- Opening Delimiter -

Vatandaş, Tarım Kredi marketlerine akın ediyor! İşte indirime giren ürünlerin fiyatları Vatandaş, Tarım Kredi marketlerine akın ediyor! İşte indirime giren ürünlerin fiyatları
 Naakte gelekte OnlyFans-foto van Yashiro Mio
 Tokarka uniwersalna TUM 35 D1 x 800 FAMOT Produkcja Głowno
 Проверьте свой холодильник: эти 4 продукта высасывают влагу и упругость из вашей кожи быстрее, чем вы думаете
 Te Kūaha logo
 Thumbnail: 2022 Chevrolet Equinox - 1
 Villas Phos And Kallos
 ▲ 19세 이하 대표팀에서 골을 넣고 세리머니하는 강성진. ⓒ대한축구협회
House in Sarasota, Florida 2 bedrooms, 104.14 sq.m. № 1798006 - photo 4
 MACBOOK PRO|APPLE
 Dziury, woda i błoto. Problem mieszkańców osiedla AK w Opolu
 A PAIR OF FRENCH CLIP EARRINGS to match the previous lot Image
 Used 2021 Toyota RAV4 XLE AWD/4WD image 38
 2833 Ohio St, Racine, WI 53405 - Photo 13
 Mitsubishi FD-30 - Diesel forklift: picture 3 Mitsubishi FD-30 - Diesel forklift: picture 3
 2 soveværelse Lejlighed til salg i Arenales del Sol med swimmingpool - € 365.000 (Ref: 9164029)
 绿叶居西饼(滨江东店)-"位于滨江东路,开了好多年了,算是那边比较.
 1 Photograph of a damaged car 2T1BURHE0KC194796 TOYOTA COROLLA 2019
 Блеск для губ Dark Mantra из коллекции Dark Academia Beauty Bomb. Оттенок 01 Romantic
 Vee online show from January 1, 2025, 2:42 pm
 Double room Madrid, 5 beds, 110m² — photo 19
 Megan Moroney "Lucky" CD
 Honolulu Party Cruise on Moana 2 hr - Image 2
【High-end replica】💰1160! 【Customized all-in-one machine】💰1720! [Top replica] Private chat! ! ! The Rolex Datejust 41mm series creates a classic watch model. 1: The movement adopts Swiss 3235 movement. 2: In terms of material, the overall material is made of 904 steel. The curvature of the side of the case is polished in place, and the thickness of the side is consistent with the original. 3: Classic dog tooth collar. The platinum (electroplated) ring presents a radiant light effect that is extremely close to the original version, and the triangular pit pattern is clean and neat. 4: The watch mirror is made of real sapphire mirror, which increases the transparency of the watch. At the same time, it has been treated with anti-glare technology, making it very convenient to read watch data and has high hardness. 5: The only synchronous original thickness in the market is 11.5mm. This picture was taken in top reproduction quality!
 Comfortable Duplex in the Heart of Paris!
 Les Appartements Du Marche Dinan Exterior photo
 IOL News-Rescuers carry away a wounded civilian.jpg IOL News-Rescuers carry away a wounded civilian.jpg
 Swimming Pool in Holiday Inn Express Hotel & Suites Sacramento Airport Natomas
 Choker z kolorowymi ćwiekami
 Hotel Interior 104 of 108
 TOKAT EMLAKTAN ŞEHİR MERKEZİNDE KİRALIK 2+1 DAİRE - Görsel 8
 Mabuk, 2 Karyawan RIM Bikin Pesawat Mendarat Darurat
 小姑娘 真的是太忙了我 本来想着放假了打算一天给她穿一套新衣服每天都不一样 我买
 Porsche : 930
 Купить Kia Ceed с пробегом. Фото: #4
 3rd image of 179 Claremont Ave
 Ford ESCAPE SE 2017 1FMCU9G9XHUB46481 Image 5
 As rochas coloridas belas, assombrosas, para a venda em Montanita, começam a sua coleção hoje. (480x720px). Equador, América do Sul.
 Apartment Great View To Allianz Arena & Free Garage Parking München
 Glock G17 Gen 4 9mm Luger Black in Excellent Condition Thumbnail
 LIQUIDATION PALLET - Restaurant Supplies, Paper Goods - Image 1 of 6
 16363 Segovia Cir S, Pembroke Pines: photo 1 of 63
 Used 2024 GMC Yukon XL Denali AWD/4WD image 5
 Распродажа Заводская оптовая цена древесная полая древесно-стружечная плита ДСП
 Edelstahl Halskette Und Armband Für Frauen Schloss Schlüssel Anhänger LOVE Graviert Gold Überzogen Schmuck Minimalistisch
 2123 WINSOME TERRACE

- Closing Delimiter -

Take the entries above and return all of them exactly.

Vatandaş, Tarım Kredi marketlerine akın ediyor! İşte indirime giren ürünlerin fiyatları Vatandaş, Tarım Kredi marketlerine akın ediyor! İşte indirime giren ürünlerin fiyatları
 Naakte gelekte OnlyFans-foto van Yashiro Mio
 Tokarka uniwersalna TUM 35 D1 x 800 FAMOT Produkcja Głowno
 Проверьте свой холодильник: эти 4 продукта высасывают влагу и упругость из вашей кожи быстрее, чем вы думаете
 Te Kūaha logo
 Thumbnail: 2022 Chevrolet Equinox - 1
 Villas Phos And Kallos
 ▲ 19세 이하 대표팀에서 골을 넣고 세리머니하는 강성진. ⓒ대한축구협회
House in Sarasota, Florida 2 bedrooms, 104.14 sq.m. № 1798006 - photo 4
 MACBOOK PRO|APPLE
 Dziury, woda i błoto. Problem mieszkańców osiedla AK w Opolu
 A PAIR OF FRENCH CLIP EARRINGS to match the previous lot Image
 Used 2021 Toyota RAV4 XLE AWD/4WD image 38
 2833 Ohio St, Racine, WI 53405 - Photo 13
 Mitsubishi FD-30 - Diesel forklift: picture 3 Mitsubishi FD-30 - Diesel forklift: picture 3
 2 soveværelse Lejlighed til salg i Arenales del Sol med swimmingpool - € 365.000 (Ref: 9164029)
 绿叶居西饼(滨江东店)-"位于滨江东路,开了好多年了,算是那边比较.
 1 Photograph of a damaged car 2T1BURHE0KC194796 TOYOTA COROLLA 2019
 Блеск для губ Dark Mantra из коллекции Dark Academia Beauty Bomb. Оттенок 01 Romantic
 Vee online show from January 1, 2025, 2:42 pm
 Double room Madrid, 5 beds, 110m² — photo 19
 Megan Moroney "Lucky" CD
 Honolulu Party Cruise on Moana 2 hr - Image 2
【High-end replica】💰1160! 【Customized all-in-one machine】💰1720! [Top replica] Private chat! ! ! The Rolex Datejust 41mm series creates a classic watch model. 1: The movement adopts Swiss 3235 movement. 2: In terms of material, the overall material is made of 904 steel. The curvature of the side of the case is polished in place, and the thickness of the side is consistent with the original. 3: Classic dog tooth collar. The platinum (electroplated) ring presents a radiant light effect that is extremely close to the original version, and the triangular pit pattern is clean and neat. 4: The watch mirror is made of real sapphire mirror, which increases the transparency of the watch. At the same time, it has been treated with anti-glare technology, making it very convenient to read watch data and has high hardness. 5: The only synchronous original thickness in the market is 11.5mm. This picture was taken in top reproduction quality!
 Comfortable Duplex in the Heart of Paris!
 Les Appartements Du Marche Dinan Exterior photo
 IOL News-Rescuers carry away a wounded civilian.jpg IOL News-Rescuers carry away a wounded civilian.jpg
 Swimming Pool in Holiday Inn Express Hotel & Suites Sacramento Airport Natomas
 Choker z kolorowymi ćwiekami
 Hotel Interior 104 of 108
 TOKAT EMLAKTAN ŞEHİR MERKEZİNDE KİRALIK 2+1 DAİRE - Görsel 8
 Mabuk, 2 Karyawan RIM Bikin Pesawat Mendarat Darurat
 小姑娘 真的是太忙了我 本来想着放假了打算一天给她穿一套新衣服每天都不一样 我买
 Porsche : 930
 Купить Kia Ceed с пробегом. Фото: #4
 3rd image of 179 Claremont Ave
 Ford ESCAPE SE 2017 1FMCU9G9XHUB46481 Image 5
 As rochas coloridas belas, assombrosas, para a venda em Montanita, começam a sua coleção hoje. (480x720px). Equador, América do Sul.
 Apartment Great View To Allianz Arena & Free Garage Parking München
 Glock G17 Gen 4 9mm Luger Black in Excellent Condition Thumbnail
 LIQUIDATION PALLET - Restaurant Supplies, Paper Goods - Image 1 of 6
 16363 Segovia Cir S, Pembroke Pines: photo 1 of 63
 Used 2024 GMC Yukon XL Denali AWD/4WD image 5
 Распродажа Заводская оптовая цена древесная полая древесно-стружечная плита ДСП
 Edelstahl Halskette Und Armband Für Frauen Schloss Schlüssel Anhänger LOVE Graviert Gold Überzogen Schmuck Minimalistisch
 2123 WINSOME TERRACE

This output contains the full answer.